Please reproduce the data exactly, excluding any pictures it contains.

==== Source information ====

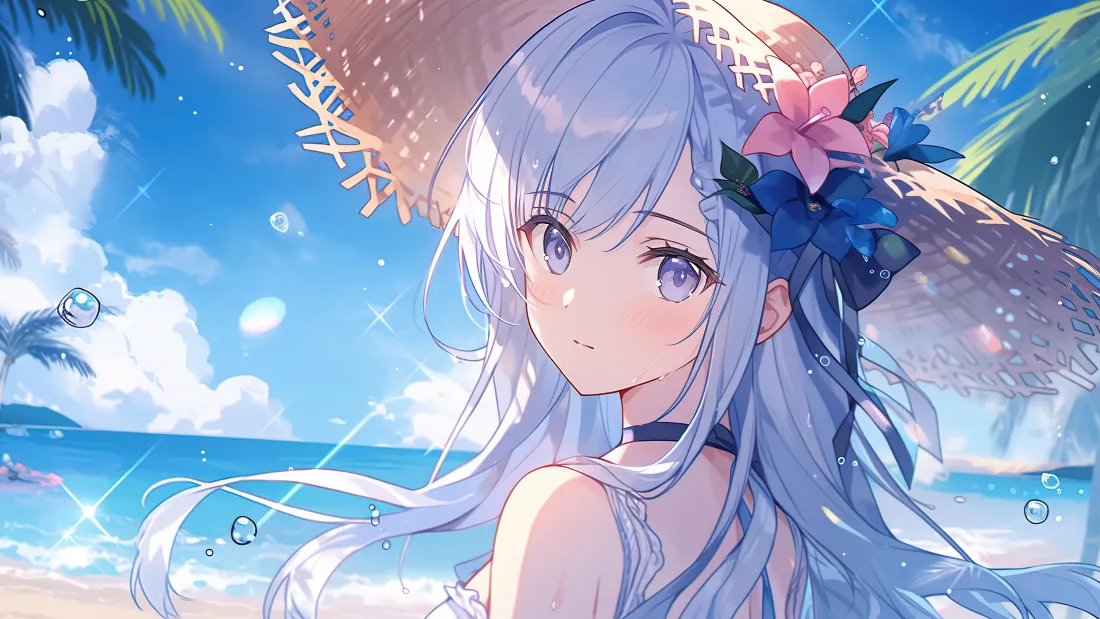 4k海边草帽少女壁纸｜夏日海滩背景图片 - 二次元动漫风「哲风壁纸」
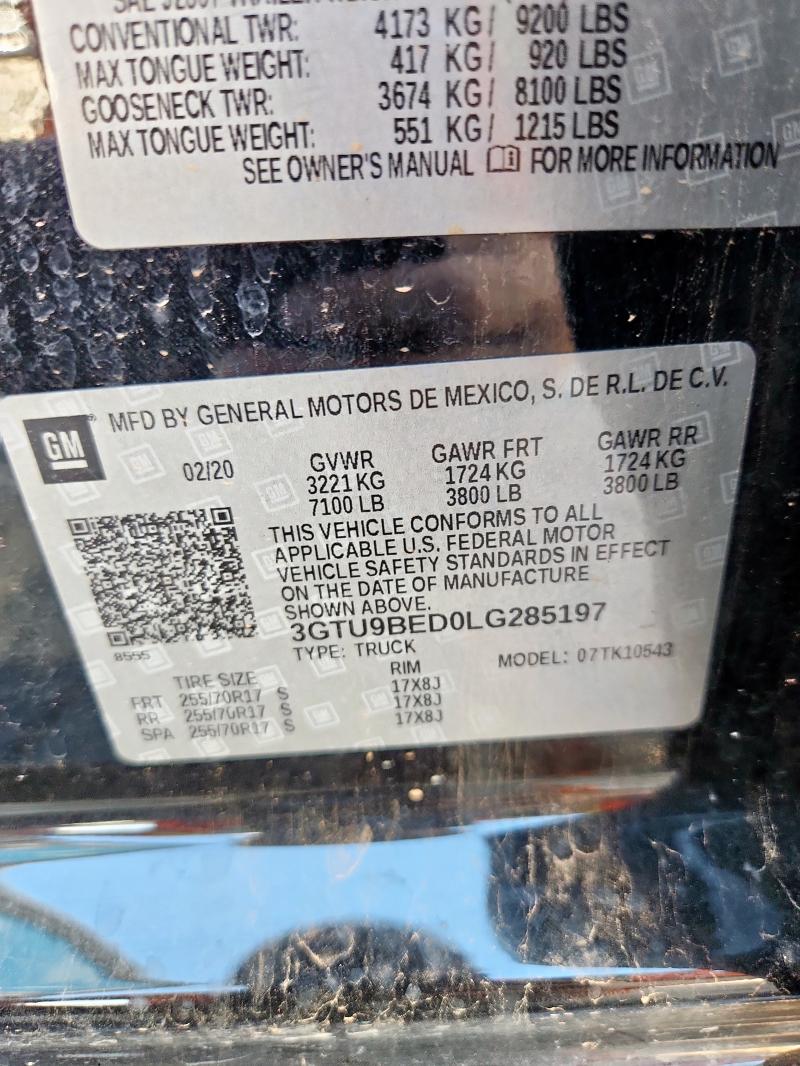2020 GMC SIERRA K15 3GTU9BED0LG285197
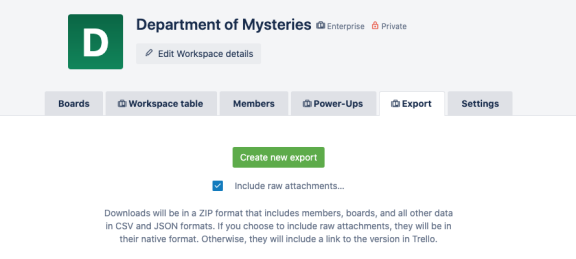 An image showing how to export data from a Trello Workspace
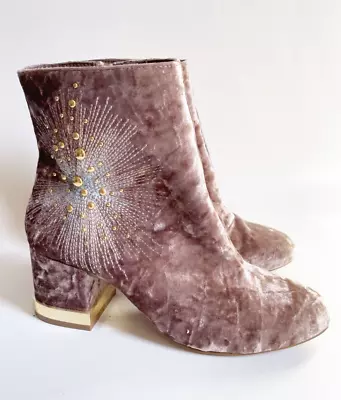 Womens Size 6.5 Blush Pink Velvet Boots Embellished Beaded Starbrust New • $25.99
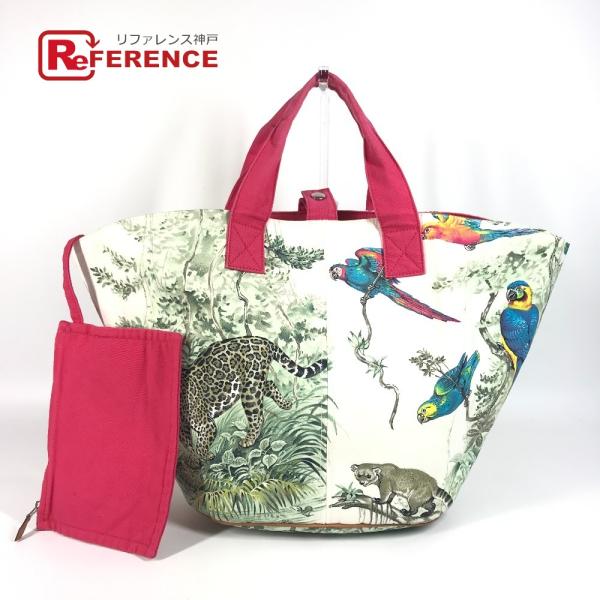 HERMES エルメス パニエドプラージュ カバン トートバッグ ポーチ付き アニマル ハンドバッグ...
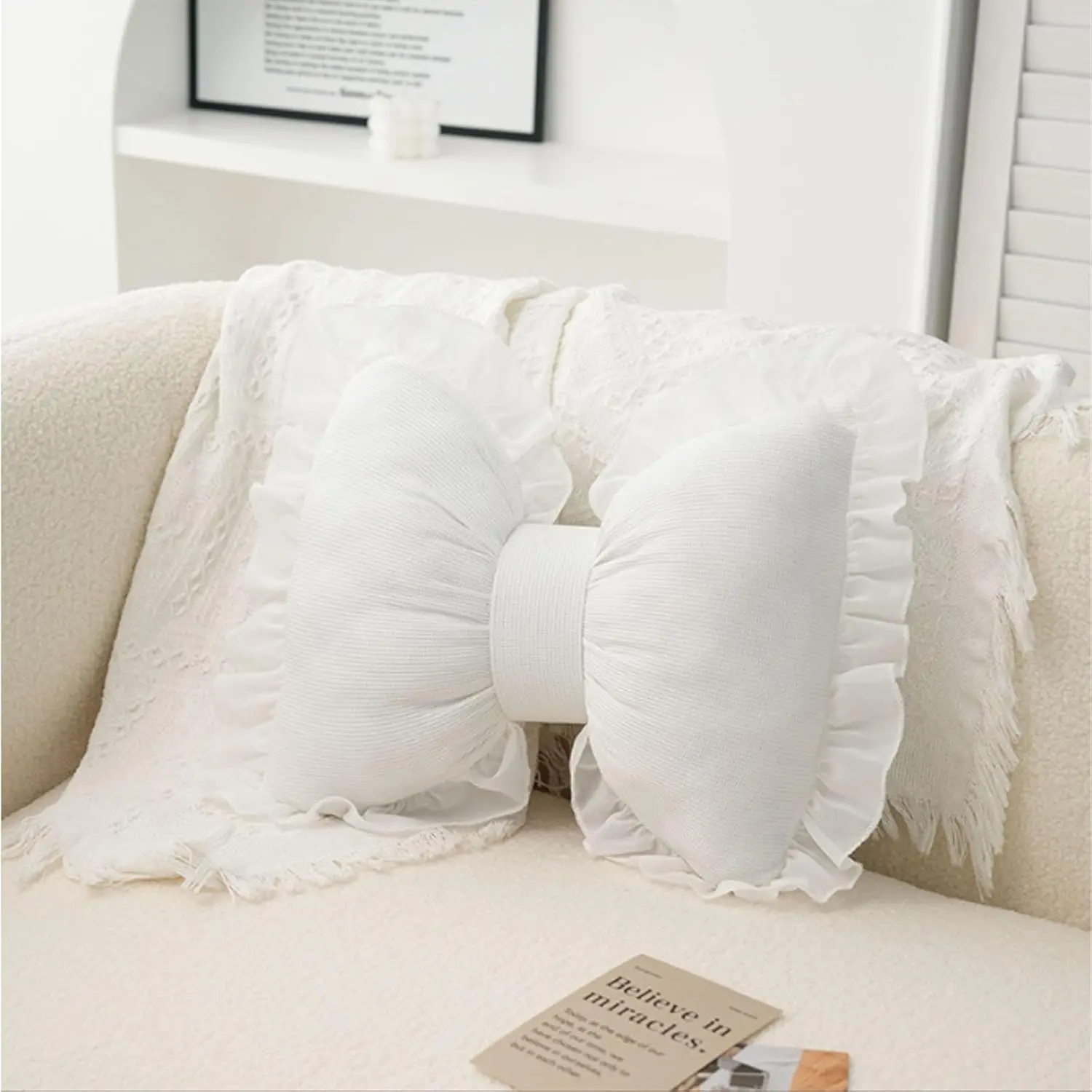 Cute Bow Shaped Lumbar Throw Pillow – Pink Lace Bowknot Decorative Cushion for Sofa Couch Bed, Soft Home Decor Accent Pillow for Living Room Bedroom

====

*Answer box*:
 4k海边草帽少女壁纸｜夏日海滩背景图片 - 二次元动漫风「哲风壁纸」
2020 GMC SIERRA K15 3GTU9BED0LG285197
 An image showing how to export data from a Trello Workspace
 Womens Size 6.5 Blush Pink Velvet Boots Embellished Beaded Starbrust New • $25.99
 HERMES エルメス パニエドプラージュ カバン トートバッグ ポーチ付き アニマル ハンドバッグ...
 Cute Bow Shaped Lumbar Throw Pillow – Pink Lace Bowknot Decorative Cushion for Sofa Couch Bed, Soft Home Decor Accent Pillow for Living Room Bedroom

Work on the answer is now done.